Jamie looked startled. “They’re not good. It’s cold, cold enough to really hurt, and there are voices whispering all the time. In the dream I can never see anything, but every time it’s colder, and every time the voices get closer.” He stopped and looked at Nick in that ridiculous, wide-eyed way, and Nick remembered him babbling about empathy. “Alan’s tougher than I am,” Jamie added softly. “I don’t think he lets the dreams bother him much.”
It was true that Nick would have noticed Alan getting thinner. Most k tho;
“Alan is tough,” Nick conceded, and eased his pace so Jamie might have some hope of keeping up. “Don’t look so worried,” he added. “I won’t let anything happen to you.”
Jamie seemed more surprised than reassured. “You won’t?”
“No, I won’t. Alan would kill me.”
Jamie blinked. “I’m very touched.”
They started at the unimaginatively titled Railway Tavern, proceeding on to places called the Bird in Hand and the Old Ale House. The pubs had all the usual fittings: a bar, a bartender, and customers. The Bird in Hand even had a sign that showed a young woman lounging on a gigantic hand, but no magicians.
Nick had never been to Salisbury before. The city seemed mainly residential and comfortable with that. He and Jamie walked down several streets, lined with aged rectangular houses that gave the impression of standing about in cozy groups, to get from one pub to the next. The buildings got older and Nick got more annoyed as they crossed a bridge and found little churches and shops rubbing shoulders, and still no sign of magicians.
They even stopped by some hotels on their quest from pub to pub. Jamie peered too closely at people’s faces in the street, searching for any resemblance to the magicians’ pictures Alan had drawn from the descriptions of Market folk, and Nick was on constant alert for the sight of something too perfect, too real, which would signal an illusion being used.
They were in a pub called the Chough when Nick returned from his investigation of every corner of the place to find Jamie sitting at the bar exactly where he had left him.

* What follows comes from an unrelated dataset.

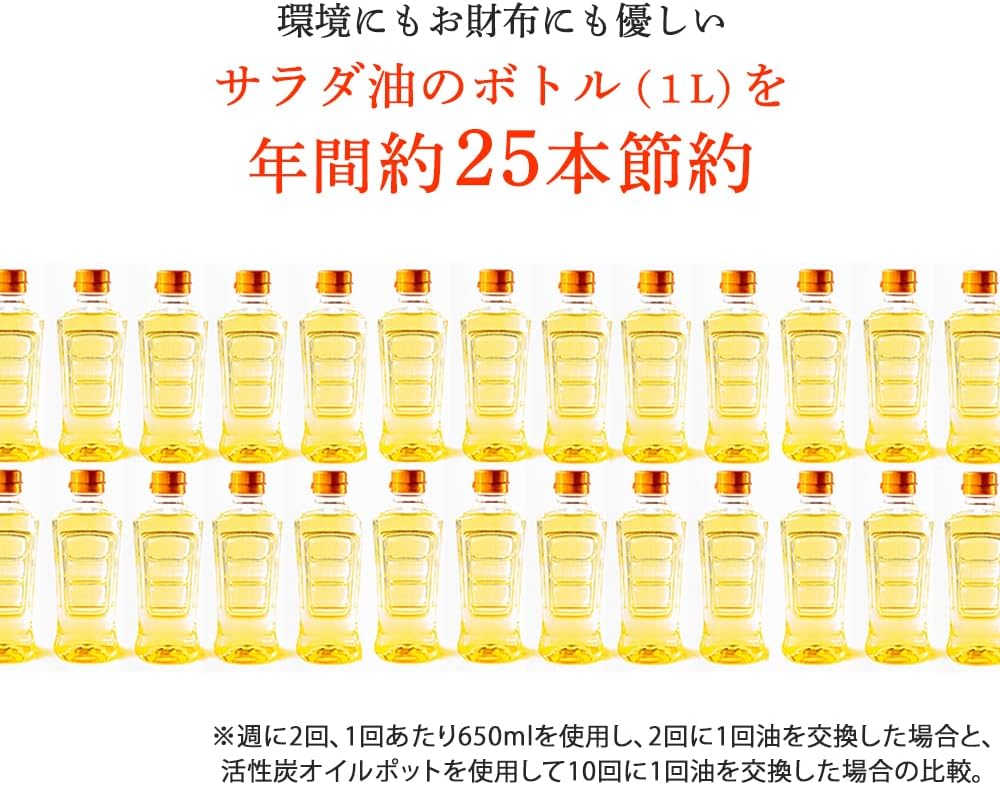 Thumbnail 6 de アイリスオーヤマ H-OPCR 活性炭オイルポット用交換カートリッジ 白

He had not left him penned in by two men, however. Nick’s first thought was of magicians, and he reached for his nearest knife before it occurred to him that Jamie’s earring probably had more to do with this situation than his demon’s mark.
It had been a long and frustrating search already. Nick was itching for a fight.
“These guys bothering you?” he asked Jamie softly, and gave the two men his coldest look. One of them stepped back.
“No, no, no,” Jamie said at once, looking wildly around at empty air, as if Nick had started to throw knives.
Nick could throw knives quite well, but that was beside the point.
“If you say so.”
“I do,” Jamie said. “That is, in fact, what I say. So — I hear there’s an antiques fair in town. We should check it out!”
Jamie, who rarely touched Nick, was so overwhelmed by concern for the people who’d been harassing him that he grabbed Nick by the elbow. Nick refused to move for a moment, staying immobile with no particular effort, and watched the men. Time stretched, weighed down with the growing fear and hesitation of the two strangers.